▶ What needs to be done:
Leave out the pictures and output exactly the lines below from the one with "تسمه تایم ۱۰۷" down to the one with "стафф Донецк", both of them included.

▶ Record extracts:

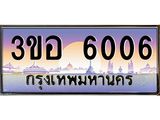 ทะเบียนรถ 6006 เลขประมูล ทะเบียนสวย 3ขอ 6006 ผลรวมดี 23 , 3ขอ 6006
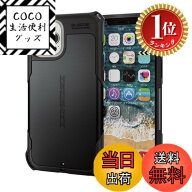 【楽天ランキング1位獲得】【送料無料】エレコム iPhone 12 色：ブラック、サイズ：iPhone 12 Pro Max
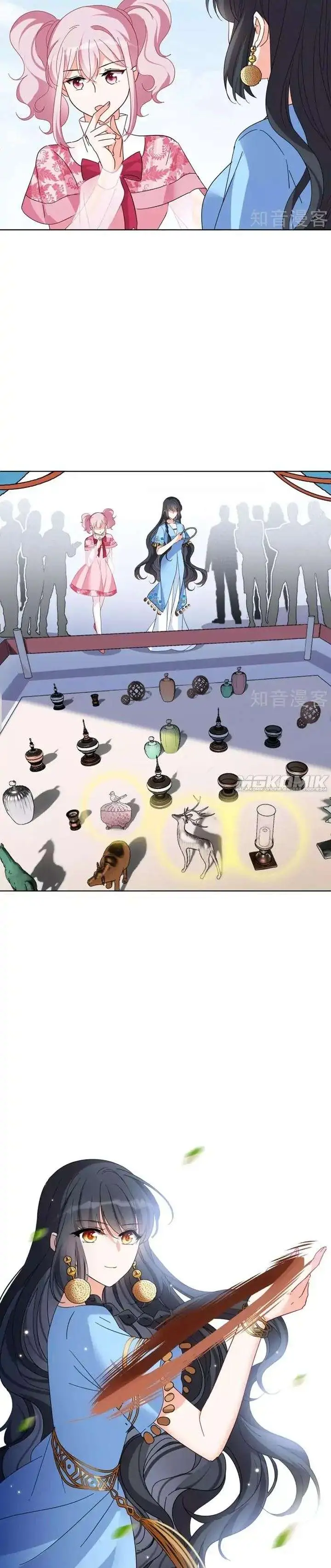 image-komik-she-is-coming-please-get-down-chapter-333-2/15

--

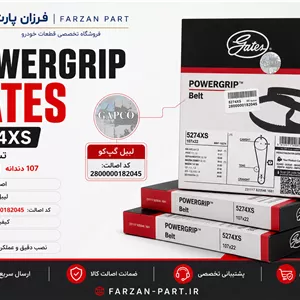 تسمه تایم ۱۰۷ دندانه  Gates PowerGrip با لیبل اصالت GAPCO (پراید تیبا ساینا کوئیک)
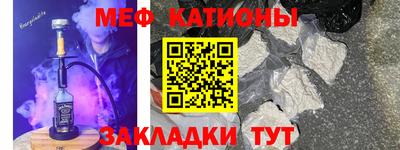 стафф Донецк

==

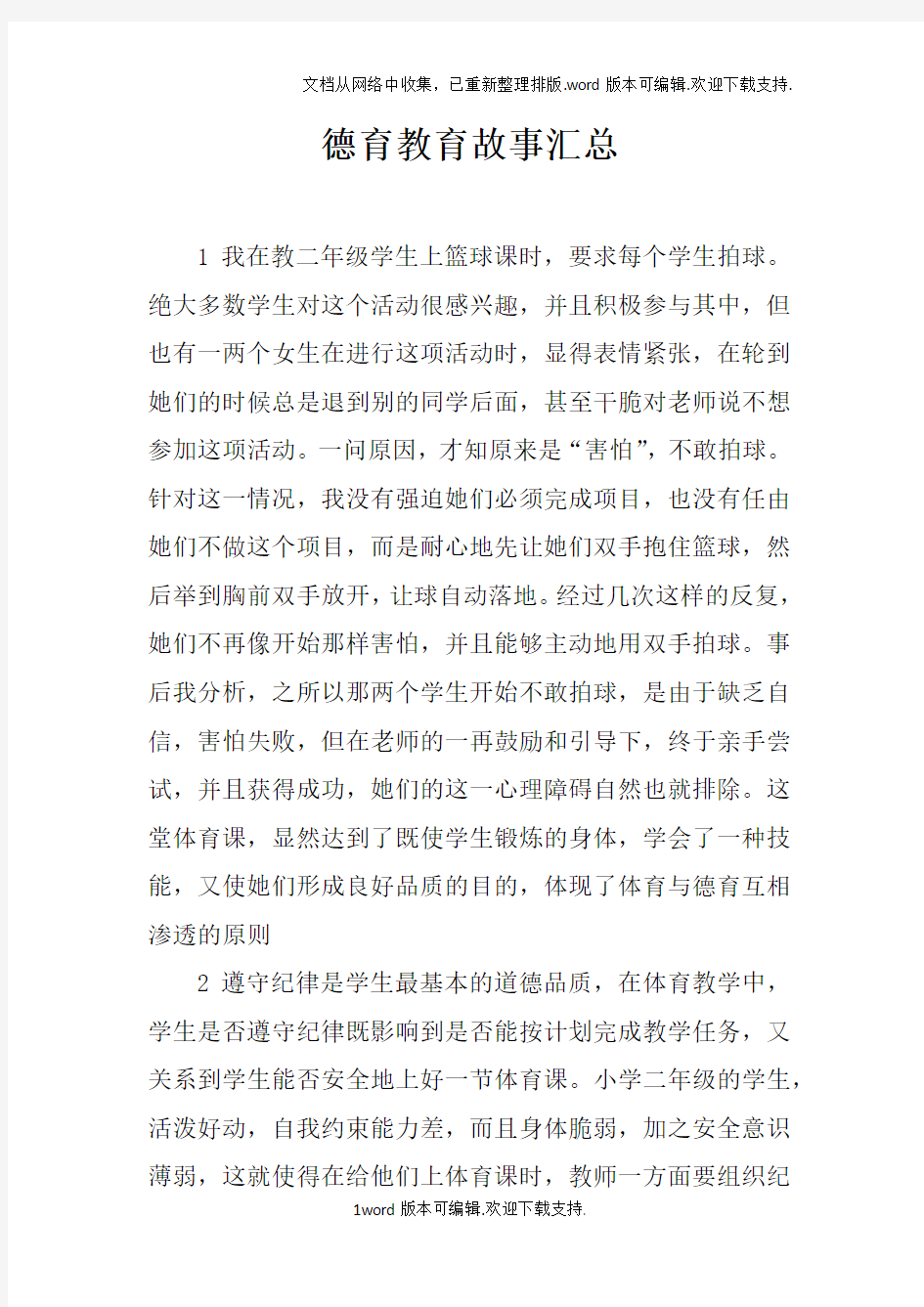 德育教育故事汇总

▶ Result:
 تسمه تایم ۱۰۷ دندانه  Gates PowerGrip با لیبل اصالت GAPCO (پراید تیبا ساینا کوئیک)
 стафф Донецк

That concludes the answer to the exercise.